One theme that reappears throughout is her father's and brother's use of misogyny to belittle and control her, which, through the course of the book, she slowly begins to understand is just another way they can maker her feel worthless. What I find really interesting is the chapter when she is at BYU and discussing polygamy with a classmate, and how she feels so devalued by that part of her religion, and when prompted by her classmate, refuses at first to acquiesce to her classmates expectation that she simply "pray for faith" for her lack of understanding. She comes so close to explicitly connecting the misogyny employed by her male family members as a more general tool of subjugation of women sanctified by her church's teachings, but never goes there.

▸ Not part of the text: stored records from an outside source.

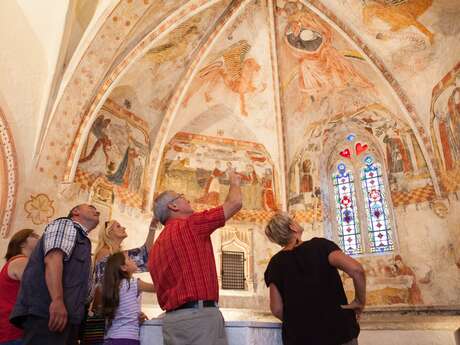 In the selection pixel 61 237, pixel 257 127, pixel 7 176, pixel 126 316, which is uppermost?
pixel 257 127

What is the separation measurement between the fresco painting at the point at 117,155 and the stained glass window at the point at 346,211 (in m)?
5.39

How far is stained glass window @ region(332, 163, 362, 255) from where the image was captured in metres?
11.4

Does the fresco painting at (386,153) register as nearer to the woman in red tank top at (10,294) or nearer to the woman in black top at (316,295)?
the woman in black top at (316,295)

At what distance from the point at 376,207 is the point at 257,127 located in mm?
4147

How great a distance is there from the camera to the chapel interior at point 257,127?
28.2ft

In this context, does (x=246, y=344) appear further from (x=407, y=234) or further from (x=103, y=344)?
(x=407, y=234)

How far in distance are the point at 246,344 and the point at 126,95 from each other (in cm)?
920

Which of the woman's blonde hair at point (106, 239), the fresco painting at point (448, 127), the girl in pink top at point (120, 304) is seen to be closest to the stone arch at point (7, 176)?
the woman's blonde hair at point (106, 239)

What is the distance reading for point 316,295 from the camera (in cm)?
277

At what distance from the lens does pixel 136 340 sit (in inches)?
120

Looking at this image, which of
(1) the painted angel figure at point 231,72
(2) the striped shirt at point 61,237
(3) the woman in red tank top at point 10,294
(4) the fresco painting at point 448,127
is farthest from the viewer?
(1) the painted angel figure at point 231,72

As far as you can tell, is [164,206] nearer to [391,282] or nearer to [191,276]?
[191,276]

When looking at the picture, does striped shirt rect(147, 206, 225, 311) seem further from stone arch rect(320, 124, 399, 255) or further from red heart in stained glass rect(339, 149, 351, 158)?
red heart in stained glass rect(339, 149, 351, 158)

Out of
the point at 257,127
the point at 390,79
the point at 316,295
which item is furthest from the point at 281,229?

Throughout, Westover mostly avoids discussing her personal feelings about Mormonism directly beyond this scene and later, during her PhD, how her chapter on Mormonism was her favorite to write (though maybe this is not fair of me, as I consider her love of Mormon choir music as a more general human experience than specifically part of her faith, which maybe others would disagree with me about). My impression from what little she says and what all she does not say is that she never left her Mormon faith behind when she sought out a path independent from her family, and maybe is unwilling to open that part of her life to public knowledge and discussion. Part of me feels greedy in wanting to know more about how her beliefs changed during her time living as her own person. And possibly she simply decided that was too big a topic for the story she wanted to tell here. But I was left wanting just a bit more on this subject, although overall I wouldn't say the book felt incomplete at all!